Content starts

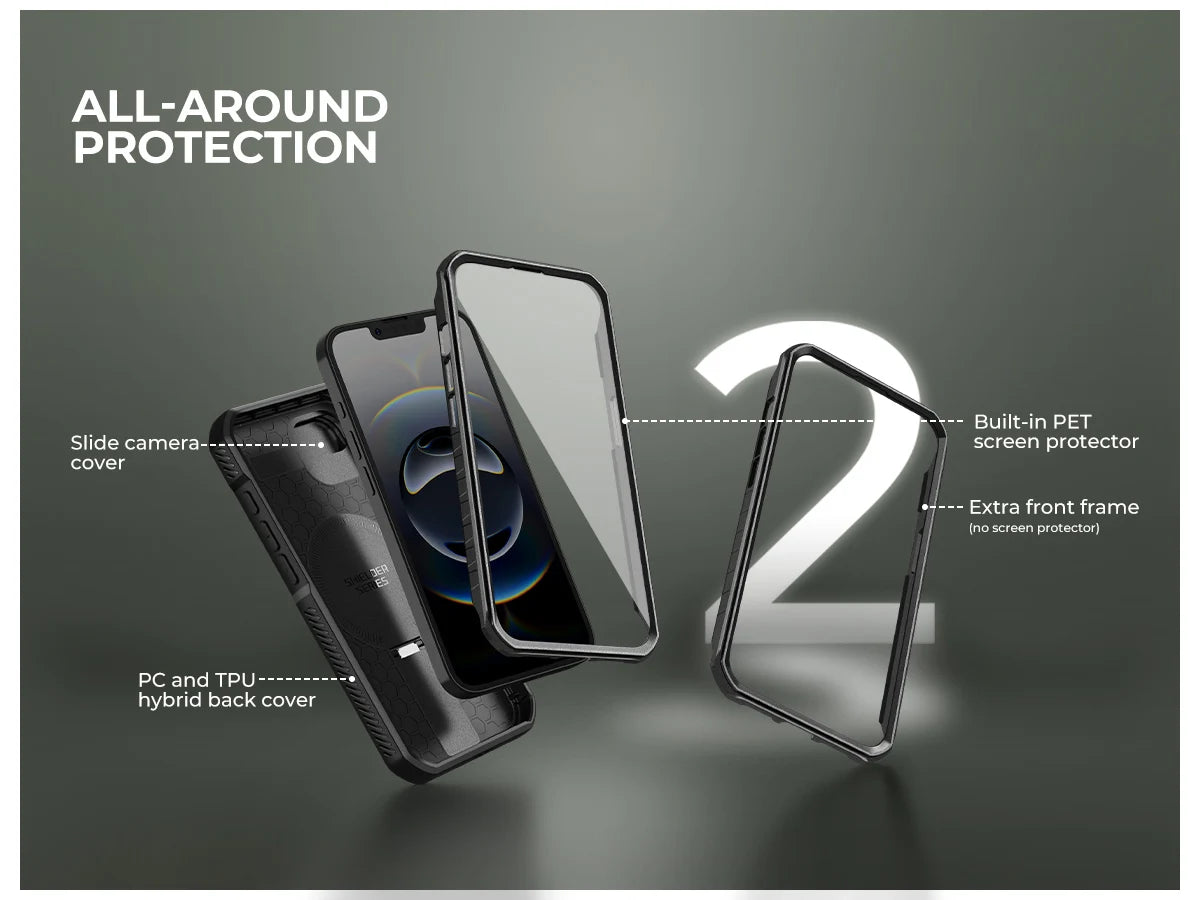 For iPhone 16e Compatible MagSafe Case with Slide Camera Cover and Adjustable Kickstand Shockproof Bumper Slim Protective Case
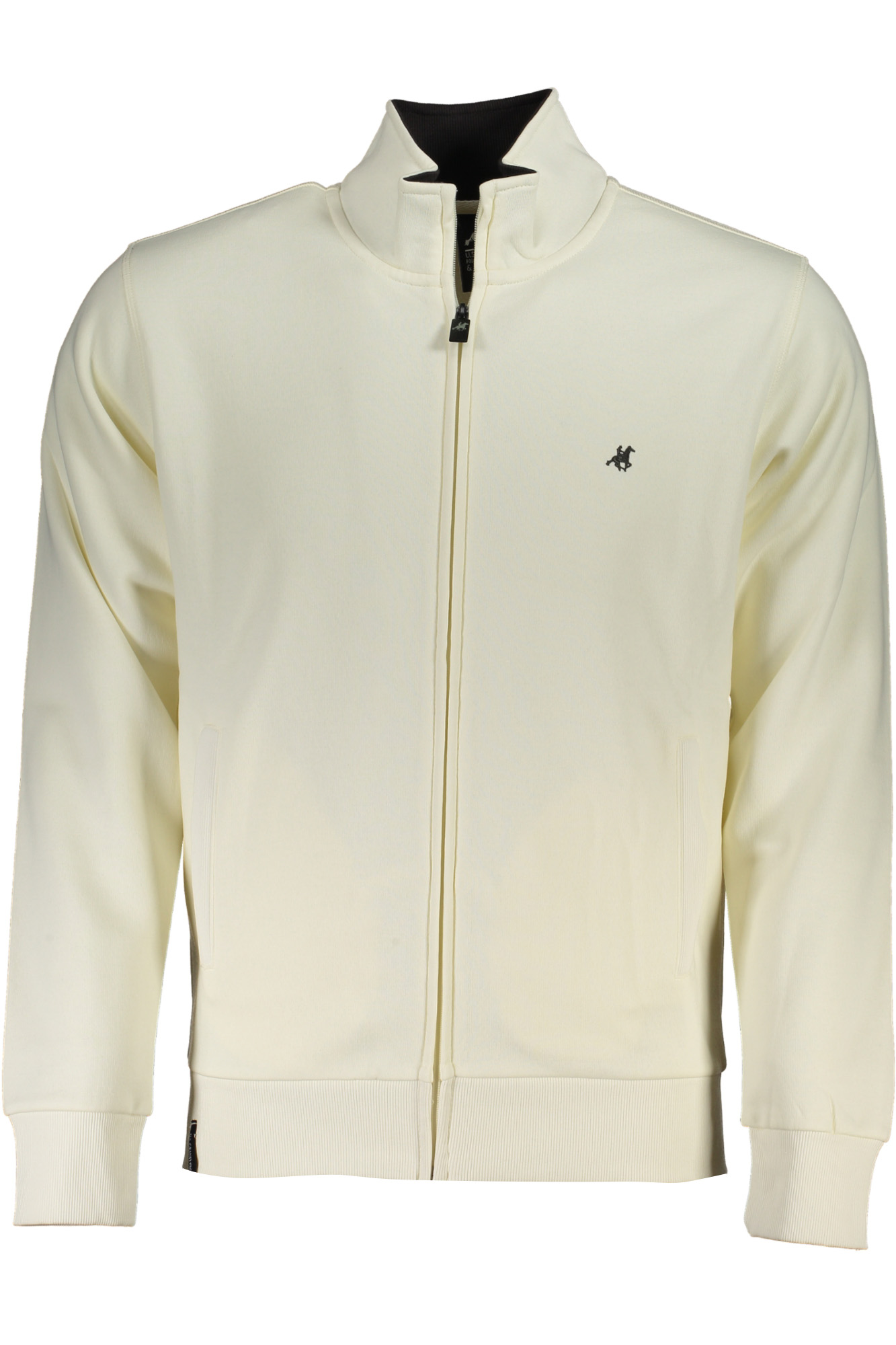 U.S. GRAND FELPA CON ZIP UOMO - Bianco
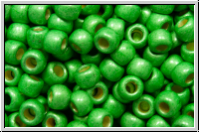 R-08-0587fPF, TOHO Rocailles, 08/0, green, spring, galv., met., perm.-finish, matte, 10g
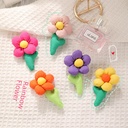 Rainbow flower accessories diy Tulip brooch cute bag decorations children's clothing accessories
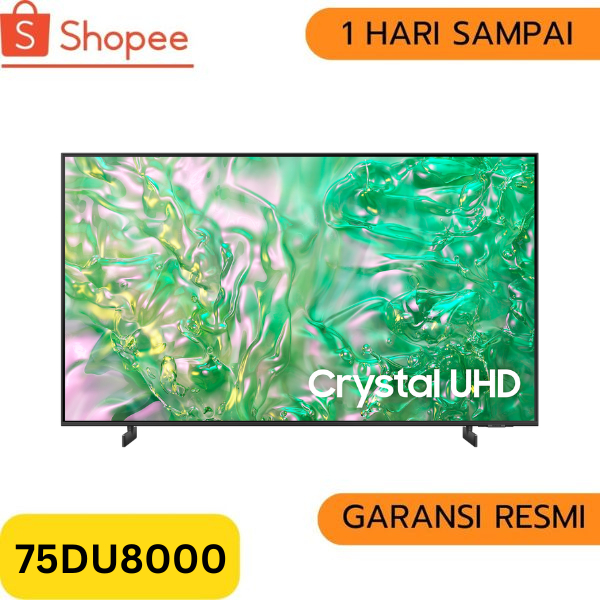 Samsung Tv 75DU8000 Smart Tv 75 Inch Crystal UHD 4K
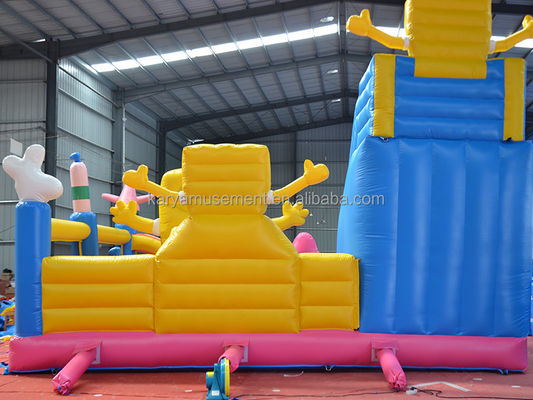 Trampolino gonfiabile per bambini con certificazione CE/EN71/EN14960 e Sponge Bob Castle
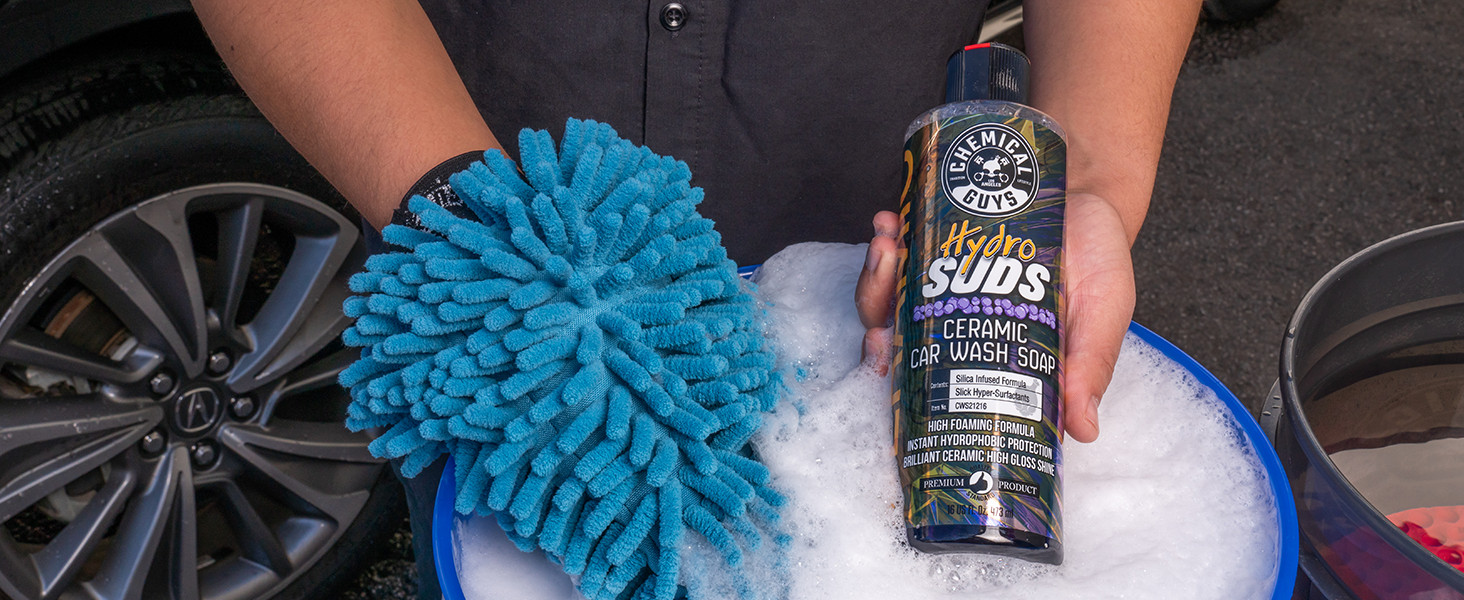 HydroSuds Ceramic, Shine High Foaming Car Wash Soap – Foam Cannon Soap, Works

Content ends
Content starts

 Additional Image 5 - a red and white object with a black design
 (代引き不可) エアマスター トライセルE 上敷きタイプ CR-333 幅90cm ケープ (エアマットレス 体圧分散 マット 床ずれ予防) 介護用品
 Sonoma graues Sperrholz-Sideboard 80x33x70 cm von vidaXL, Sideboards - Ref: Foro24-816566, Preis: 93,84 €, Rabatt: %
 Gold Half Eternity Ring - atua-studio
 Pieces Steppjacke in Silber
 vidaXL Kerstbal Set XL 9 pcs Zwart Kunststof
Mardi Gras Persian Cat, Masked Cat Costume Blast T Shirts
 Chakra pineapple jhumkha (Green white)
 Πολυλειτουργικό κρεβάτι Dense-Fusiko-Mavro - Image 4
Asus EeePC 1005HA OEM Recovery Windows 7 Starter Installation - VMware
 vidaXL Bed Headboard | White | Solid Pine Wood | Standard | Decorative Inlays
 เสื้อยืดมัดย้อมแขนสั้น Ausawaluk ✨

Content ends
Content starts

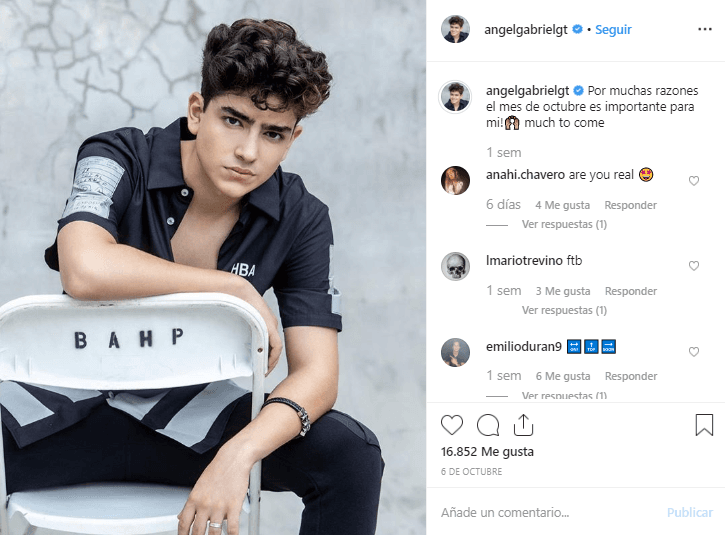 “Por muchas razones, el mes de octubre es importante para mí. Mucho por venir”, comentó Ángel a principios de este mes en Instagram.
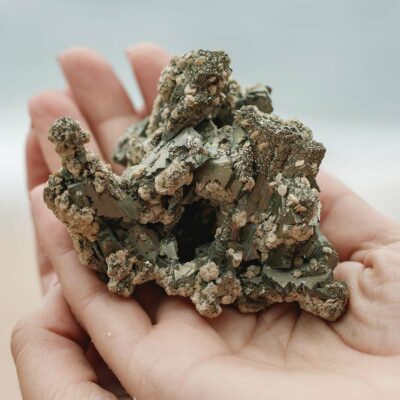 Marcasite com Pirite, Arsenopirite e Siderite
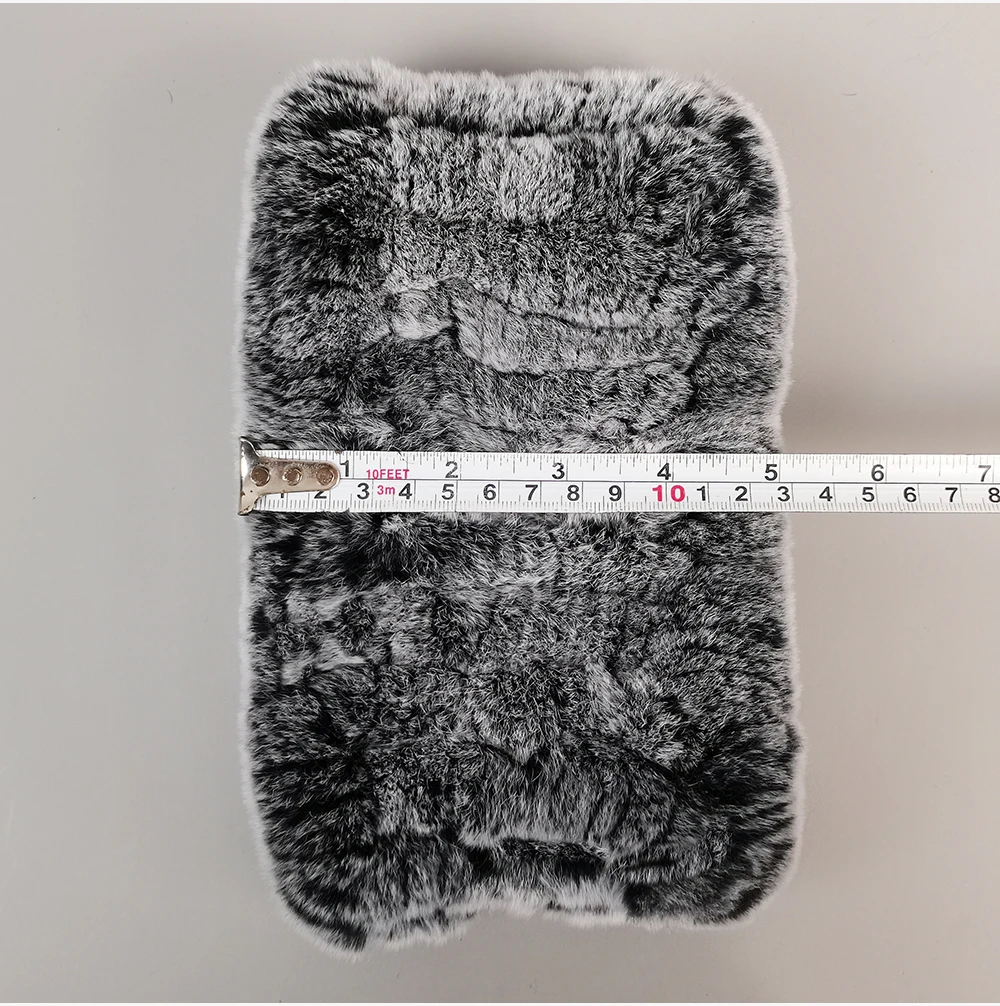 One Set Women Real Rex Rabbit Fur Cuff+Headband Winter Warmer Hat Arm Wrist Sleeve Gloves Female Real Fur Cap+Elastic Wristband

Content ends

EXERCISE OBJECTIVE
Above are some lines. Repeat exactly, and only, those from the line that has "Chakra pineapple jhumkha (Green white)" through the line that has "เสื้อยืดมัดย้อมแขนสั้น Ausawaluk ✨".

REPLY TO THE TASK
 Chakra pineapple jhumkha (Green white)
 Πολυλειτουργικό κρεβάτι Dense-Fusiko-Mavro - Image 4
Asus EeePC 1005HA OEM Recovery Windows 7 Starter Installation - VMware
 vidaXL Bed Headboard | White | Solid Pine Wood | Standard | Decorative Inlays
 เสื้อยืดมัดย้อมแขนสั้น Ausawaluk ✨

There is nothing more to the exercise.